Les côtes Nord-Ouest de Madagascar font alors partie d'une vaste aire commerciale de l'océan Indien occidental où les anciens Yéménites (Himyarites) et Omanais commercent depuis une très haute antiquité. Cela expliquerait la venue des Austronésiens qui profitent de cette présence, précise l'académicienne. Ce qui contredit, poursuit-elle, les affirmations de certains auteurs qui relativisent les capacités des anciens Malgaches aussi bien en matière de navigation que de commerce maritime. Tous semblent même étonnés devant « l'audace des marins malgaches du Nord de Madagascar, aux XVIIIe et XIXe siècles, qui attaquent périodiquement aussi bien les iles Comores que la longue côte orientale de l'Afrique». Pourtant, beaucoup d'auteurs ont déjà fait part de ces expéditions. « Or, de telles prouesses ne datent pas de cette époque récente des navigateurs européens, mais remontent bien loin, tout au moins dans les temps du Moyen-Âge de l'océan Indien. »
Les travaux des arché-ologues du siècle dernier tout comme ceux du XXIe siècle mettent à jour des vestiges de vieilles cités et forteresses islamiques, datant du Xe au XIIe siècles, tels ceux de Gaudebout et Vernier (1941), Vérin (1960-1997), Chantal Radimilahy (2015), Bako Rasoarifetra (2000-2013)... La région du Sud-Ouest de l'océan Indien se trouve « dans le sillage de la route maritime des Épices, en écho à la route terrestre de la Soie ». Déjà dans le Périple de la Mer Erythrée, le commerce de la cannelle est mentionné, « l'or noir » de l'époque, venant de Madagascar, que l'on a même retrouvée à la table d'Hérodote, selon Bako et Jean-Pierre Domenichini.
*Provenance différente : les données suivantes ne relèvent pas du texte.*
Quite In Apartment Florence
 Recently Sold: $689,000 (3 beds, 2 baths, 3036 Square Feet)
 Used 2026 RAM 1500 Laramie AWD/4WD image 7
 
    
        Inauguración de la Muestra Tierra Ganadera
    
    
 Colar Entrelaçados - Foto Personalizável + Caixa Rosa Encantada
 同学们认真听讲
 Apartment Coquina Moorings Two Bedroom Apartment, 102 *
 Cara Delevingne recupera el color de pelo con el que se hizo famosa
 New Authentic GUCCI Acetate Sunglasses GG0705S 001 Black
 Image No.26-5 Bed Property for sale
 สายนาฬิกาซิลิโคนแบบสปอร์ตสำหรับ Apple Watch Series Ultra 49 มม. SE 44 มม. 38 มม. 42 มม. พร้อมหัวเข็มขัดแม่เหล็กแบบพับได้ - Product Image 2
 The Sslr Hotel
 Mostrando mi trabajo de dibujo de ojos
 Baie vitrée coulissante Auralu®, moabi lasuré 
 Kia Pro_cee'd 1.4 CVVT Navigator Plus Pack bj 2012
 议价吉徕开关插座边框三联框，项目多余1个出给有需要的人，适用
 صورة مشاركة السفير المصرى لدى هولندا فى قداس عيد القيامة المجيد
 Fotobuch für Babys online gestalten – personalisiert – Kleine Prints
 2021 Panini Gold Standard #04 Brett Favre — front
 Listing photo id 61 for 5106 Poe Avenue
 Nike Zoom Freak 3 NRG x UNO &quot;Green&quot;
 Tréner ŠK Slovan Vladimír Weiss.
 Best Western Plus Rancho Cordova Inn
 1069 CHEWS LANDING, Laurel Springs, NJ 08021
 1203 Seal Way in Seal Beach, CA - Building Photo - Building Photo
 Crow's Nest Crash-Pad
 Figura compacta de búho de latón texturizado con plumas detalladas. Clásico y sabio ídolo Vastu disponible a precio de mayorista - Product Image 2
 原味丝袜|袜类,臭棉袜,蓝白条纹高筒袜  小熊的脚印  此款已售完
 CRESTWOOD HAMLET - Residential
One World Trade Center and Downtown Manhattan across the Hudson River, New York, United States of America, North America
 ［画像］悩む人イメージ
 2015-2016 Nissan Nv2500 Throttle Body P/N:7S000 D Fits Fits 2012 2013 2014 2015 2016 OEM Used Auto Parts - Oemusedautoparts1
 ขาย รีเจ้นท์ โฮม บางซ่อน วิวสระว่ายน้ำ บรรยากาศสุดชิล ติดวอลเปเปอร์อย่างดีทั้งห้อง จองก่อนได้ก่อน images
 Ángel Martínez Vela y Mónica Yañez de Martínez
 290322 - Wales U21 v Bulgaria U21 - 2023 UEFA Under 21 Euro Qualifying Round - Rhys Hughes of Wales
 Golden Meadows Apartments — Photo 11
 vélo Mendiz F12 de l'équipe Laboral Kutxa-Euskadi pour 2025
De même que la gomme copal ou de la myrrhe, (trandroroa/ mandrofo) est retrouvée dans des tombes en Mésopotamie et est également exportée vers la Chine (Chantal Radimilahy, «Produits d'échanges dans le Sud-Ouest de l'océan Indien», communication en hommage à Bakoly et Jean-Pierre Domenichini, le 8 novembre 2019, à l'Académie malgache. 2019).
Ramisandrazana Rakotoariseheno appuie qu'une longue tradition de contacts et d'échanges est donc bien établie depuis l'antiquité. Car la liste des produits exportés comporte des carapaces de tortues datées du VIIIe siècle, récupérées aux Comores, des marmites tripodes en chloritoschiste, fabriquées dans les ateliers du Nord-Est, localisée sur la côte Est de l'Afrique, des cristaux de roche, des os subfossiles, des cauris venant des Maldives retrouvés à Toliara, des lamelles d'or et perles en or cylindrique... En témoignent également, écrit-elle, les artefacts exhumés tels que les poteries chinoises et, particulièrement, des céladons dans les tombes du Nord de l'ile et jusqu'en Imerina. «Madagascar était déjà inséré dans une économie mondiale. Les produits d'importation étaient des perles, venant de l'Irak de la période sassanide, d'Arabie, et des poteries venant de la Chine, des traces de céréales insérées dans des phytolithes, identifiées par le charbon de bois », conclut Chantal Radimilahy en 2019.